* _Task description_:
Please transcribe exactly the line that holds "MEGIR Men Automatic" and all lines that follow it to the end of the records below, omitting any pictures.

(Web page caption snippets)
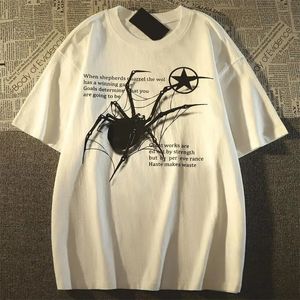 Camisetas coreanas Y2K Hip Hop Men Streetwear Retro Spider Graphic Harajuku Camisetas de manga corta Tops de gran tamaño 8xl 240328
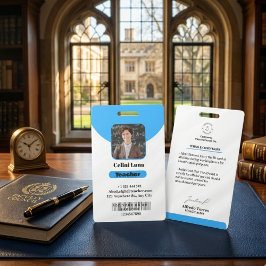 Crachá Linhas e classe limpas: ID de professor azul minim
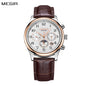 MEGIR Men Automatic Mechanical Watches Moon Phase Brown Leather Casual Business Wristwatch Sapphire Date Clock Montre Homme 62046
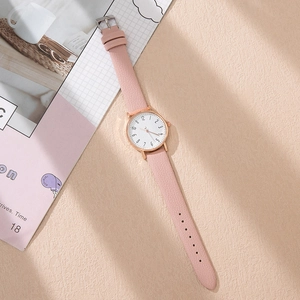 Minimalist women quartz watch with pink leather strap and rose gold round alloy case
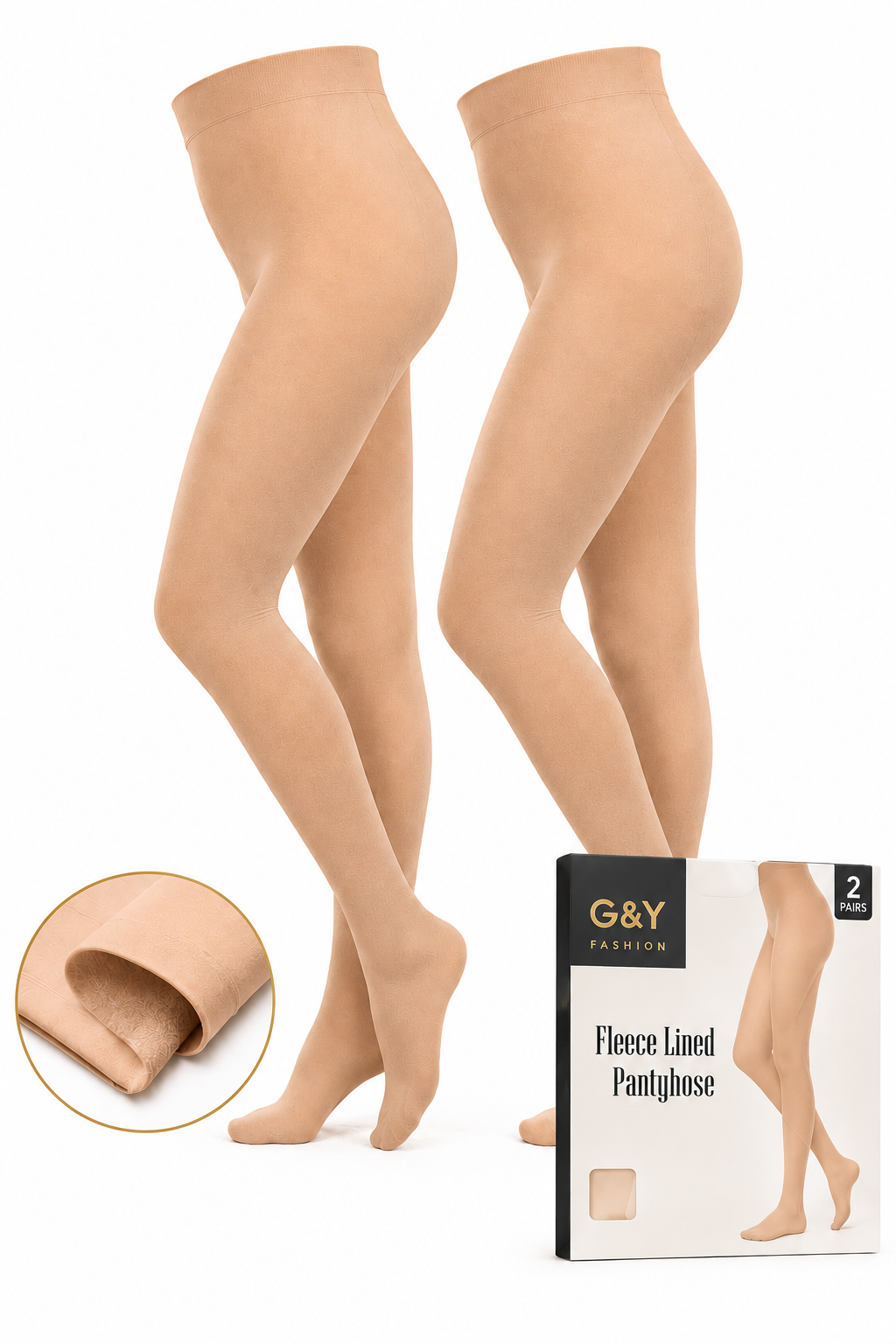 Fleece lined pantyhose by Republic Mercantile, size L, showing soft, cozy fabric with a smooth, stretchy fit on a mannequin.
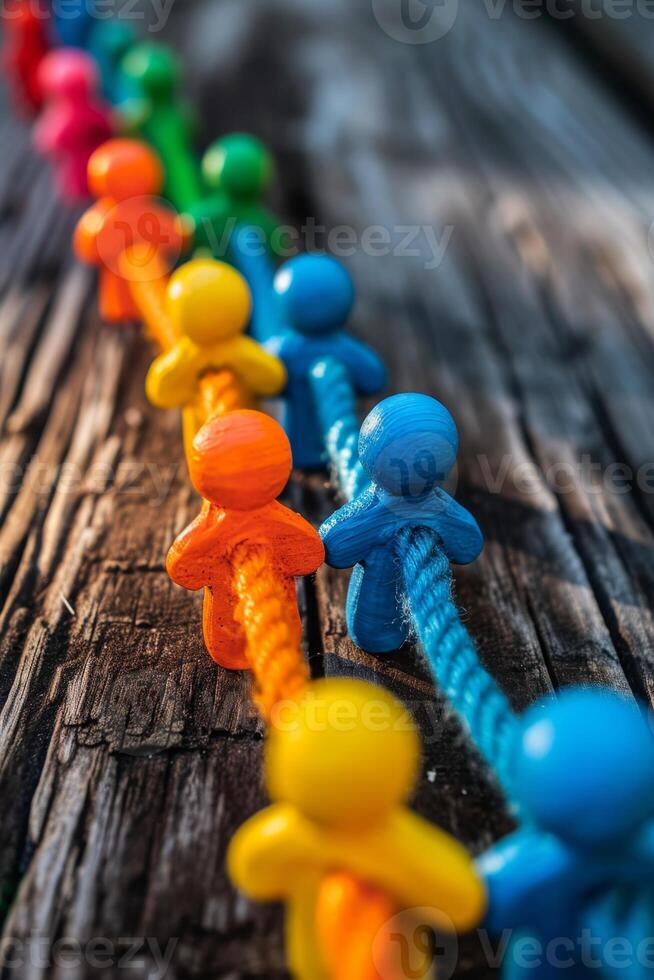 AI generated the social network community team. The concept of connections between people photo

* _Answer for this exercise_:
 MEGIR Men Automatic Mechanical Watches Moon Phase Brown Leather Casual Business Wristwatch Sapphire Date Clock Montre Homme 62046
 Minimalist women quartz watch with pink leather strap and rose gold round alloy case
 Fleece lined pantyhose by Republic Mercantile, size L, showing soft, cozy fabric with a smooth, stretchy fit on a mannequin.
 AI generated the social network community team. The concept of connections between people photo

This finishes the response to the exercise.